Consumer offset translation
Raw offsets are meaningless across clusters because partition offsets diverge during replication. MM2 solves this with the MirrorCheckpointConnector, which records the mapping between source offsets and the corresponding target offsets in an offset-syncs topic, then emits checkpoints that translate committed consumer-group offsets into target-cluster offsets.
With sync.group.offsets.enabled = true, MM2 writes translated offsets directly into the target’s __consumer_offsets.

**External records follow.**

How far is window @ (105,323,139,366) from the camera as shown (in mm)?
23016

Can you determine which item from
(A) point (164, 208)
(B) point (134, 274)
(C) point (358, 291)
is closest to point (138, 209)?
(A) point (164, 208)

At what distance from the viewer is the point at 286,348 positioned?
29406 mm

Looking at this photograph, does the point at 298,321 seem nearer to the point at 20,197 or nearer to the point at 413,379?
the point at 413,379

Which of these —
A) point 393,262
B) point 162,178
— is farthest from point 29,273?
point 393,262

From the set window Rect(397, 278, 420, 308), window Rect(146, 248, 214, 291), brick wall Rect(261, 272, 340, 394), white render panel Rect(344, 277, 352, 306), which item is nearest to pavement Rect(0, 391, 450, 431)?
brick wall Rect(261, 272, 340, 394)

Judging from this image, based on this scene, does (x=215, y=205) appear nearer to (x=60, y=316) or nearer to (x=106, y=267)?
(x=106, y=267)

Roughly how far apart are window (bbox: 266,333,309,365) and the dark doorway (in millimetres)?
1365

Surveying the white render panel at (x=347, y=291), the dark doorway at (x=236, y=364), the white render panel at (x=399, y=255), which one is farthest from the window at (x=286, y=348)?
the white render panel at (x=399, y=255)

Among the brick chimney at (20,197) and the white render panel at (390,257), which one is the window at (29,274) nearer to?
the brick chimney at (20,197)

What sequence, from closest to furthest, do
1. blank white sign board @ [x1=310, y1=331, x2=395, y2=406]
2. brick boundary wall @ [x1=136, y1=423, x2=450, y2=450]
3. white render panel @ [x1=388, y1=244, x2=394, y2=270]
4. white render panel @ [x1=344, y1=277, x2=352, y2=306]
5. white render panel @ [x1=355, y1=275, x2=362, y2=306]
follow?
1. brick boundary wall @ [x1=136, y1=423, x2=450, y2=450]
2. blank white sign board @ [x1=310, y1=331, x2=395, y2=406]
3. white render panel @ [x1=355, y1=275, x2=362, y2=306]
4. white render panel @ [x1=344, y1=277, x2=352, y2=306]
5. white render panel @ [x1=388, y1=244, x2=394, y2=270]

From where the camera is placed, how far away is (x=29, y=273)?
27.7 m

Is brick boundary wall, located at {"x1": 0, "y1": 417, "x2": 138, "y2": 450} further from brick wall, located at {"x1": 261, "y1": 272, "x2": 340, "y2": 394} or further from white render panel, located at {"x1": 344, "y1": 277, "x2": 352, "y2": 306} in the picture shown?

After failover, a consumer group simply connects to backup, subscribes to primary.orders, and resumes near where it stopped on the source — avoiding both reprocessing the entire topic and silently skipping records.
# inspect translated offsets for a group on the target cluster
kafka-consumer-groups.sh --bootstrap-server backup-kafka:9092 \
--describe --group order-service
Offset translation is approximate. Applications must still be idempotent or tolerant of small amounts of duplicate processing, because the translated offset can land slightly before the true position.

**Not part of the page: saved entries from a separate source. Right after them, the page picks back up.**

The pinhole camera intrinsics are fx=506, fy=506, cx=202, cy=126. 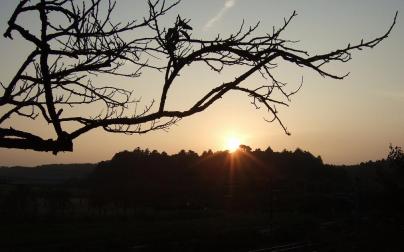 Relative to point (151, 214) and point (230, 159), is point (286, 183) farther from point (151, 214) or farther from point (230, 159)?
point (151, 214)

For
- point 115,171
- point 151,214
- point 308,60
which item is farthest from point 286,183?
point 308,60

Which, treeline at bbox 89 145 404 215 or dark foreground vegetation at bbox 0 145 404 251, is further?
treeline at bbox 89 145 404 215

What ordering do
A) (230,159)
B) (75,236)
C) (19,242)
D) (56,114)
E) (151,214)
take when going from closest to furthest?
(56,114) → (19,242) → (75,236) → (151,214) → (230,159)

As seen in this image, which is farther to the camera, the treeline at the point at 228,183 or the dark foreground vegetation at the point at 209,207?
the treeline at the point at 228,183

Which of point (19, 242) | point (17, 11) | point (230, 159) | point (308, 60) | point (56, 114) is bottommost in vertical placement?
point (19, 242)

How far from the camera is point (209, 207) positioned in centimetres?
7362

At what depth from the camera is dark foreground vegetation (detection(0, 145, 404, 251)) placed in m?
26.0

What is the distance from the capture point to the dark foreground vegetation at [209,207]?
2605 cm

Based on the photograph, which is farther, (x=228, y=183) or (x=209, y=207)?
(x=228, y=183)

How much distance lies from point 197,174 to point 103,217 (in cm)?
5088

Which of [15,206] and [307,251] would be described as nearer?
[307,251]

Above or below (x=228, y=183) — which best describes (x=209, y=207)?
below

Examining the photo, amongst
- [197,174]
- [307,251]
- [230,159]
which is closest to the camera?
[307,251]

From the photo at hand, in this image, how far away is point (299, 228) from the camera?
37031mm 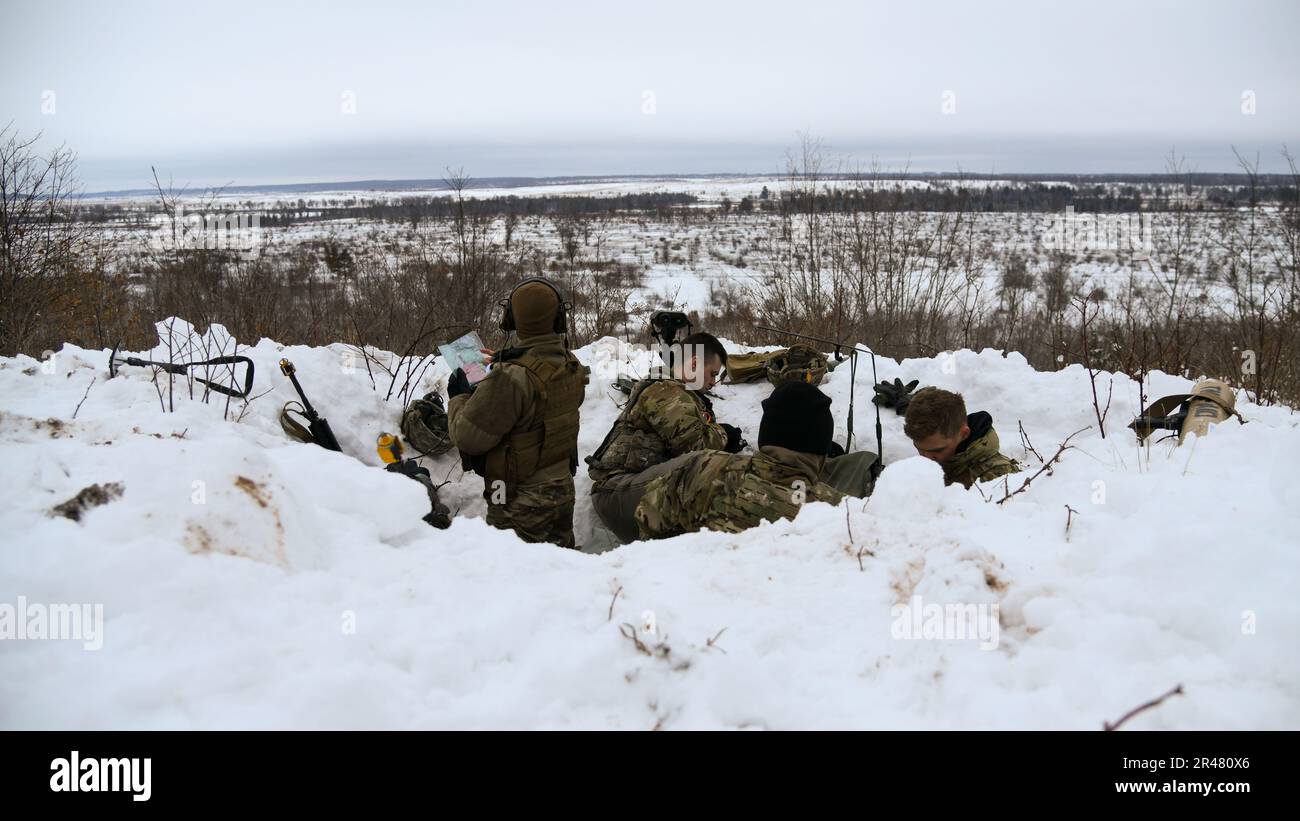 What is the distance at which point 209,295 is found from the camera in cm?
1098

Active-passive vs active-active
These are the two canonical topologies, and the choice drives your replication policy and flow configuration.
| Aspect | Active-passive | Active-active |
|---|---|---|
| Traffic | All writes to one cluster; other is standby | Writes to both clusters |
| Flows | One direction (primary->backup) | Both directions (primary->backup and backup->primary) |
| Replication policy | Identity or Default | Must use DefaultReplicationPolicy |
| Failover | Promote standby, repoint clients | Clients already use the nearest cluster |
| Use case | Disaster recovery | Geo-locality, regional read/write |
In active-active, each cluster holds both its local topics and the remote-prefixed copies from the other cluster. A consumer that wants all events subscribes with a pattern such as orders|.*\.orders to read both local and replicated streams.
Best Practices
- Always run MM2 as its own dedicated cluster of workers, sized independently from your brokers, so replication load never competes with production traffic.

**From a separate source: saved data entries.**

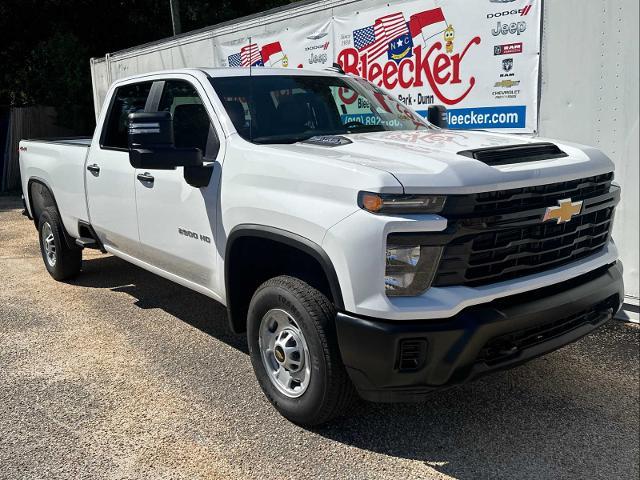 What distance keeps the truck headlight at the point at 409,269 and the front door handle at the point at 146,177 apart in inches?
85.5

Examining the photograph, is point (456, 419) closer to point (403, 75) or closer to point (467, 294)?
point (467, 294)

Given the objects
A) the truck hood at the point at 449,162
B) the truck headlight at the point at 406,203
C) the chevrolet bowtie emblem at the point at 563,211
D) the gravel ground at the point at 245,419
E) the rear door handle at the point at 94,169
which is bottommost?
the gravel ground at the point at 245,419

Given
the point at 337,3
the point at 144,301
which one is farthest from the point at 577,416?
the point at 337,3

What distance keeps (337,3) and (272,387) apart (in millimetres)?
5067

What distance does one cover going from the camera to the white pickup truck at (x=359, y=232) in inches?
110

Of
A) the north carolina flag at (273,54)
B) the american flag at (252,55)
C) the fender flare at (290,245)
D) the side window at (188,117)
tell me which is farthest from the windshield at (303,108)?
the american flag at (252,55)

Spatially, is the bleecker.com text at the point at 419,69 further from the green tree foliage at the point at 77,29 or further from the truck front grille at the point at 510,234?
the green tree foliage at the point at 77,29

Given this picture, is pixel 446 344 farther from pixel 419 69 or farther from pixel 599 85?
pixel 419 69

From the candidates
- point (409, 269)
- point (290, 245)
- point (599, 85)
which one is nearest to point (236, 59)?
point (599, 85)

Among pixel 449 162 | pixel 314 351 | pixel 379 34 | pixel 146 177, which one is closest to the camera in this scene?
pixel 449 162

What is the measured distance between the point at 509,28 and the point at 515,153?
2.69 meters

- Co-locate MM2 with the target cluster’s region; a remote consume + local produce pattern is more resilient to WAN hiccups than the reverse.
- Use
DefaultReplicationPolicy(cluster-prefixed names) for any bidirectional setup to prevent replication loops. - Enable
emit.heartbeatsand scrape the heartbeat/checkpoint topics or JMX metrics to alert on replication lag before it becomes a recovery-point problem. - Pre-create internal topics (
offset-syncs,checkpoints,heartbeats) with RF ≥ 3 and protect them with ACLs just like business topics. - Keep consumer applications idempotent — offset translation is best-effort, so design for at-least-once semantics after failover.
- Test failover regularly: promote the standby, repoint a real consumer group, and confirm it resumes from the translated offset rather than the topic head.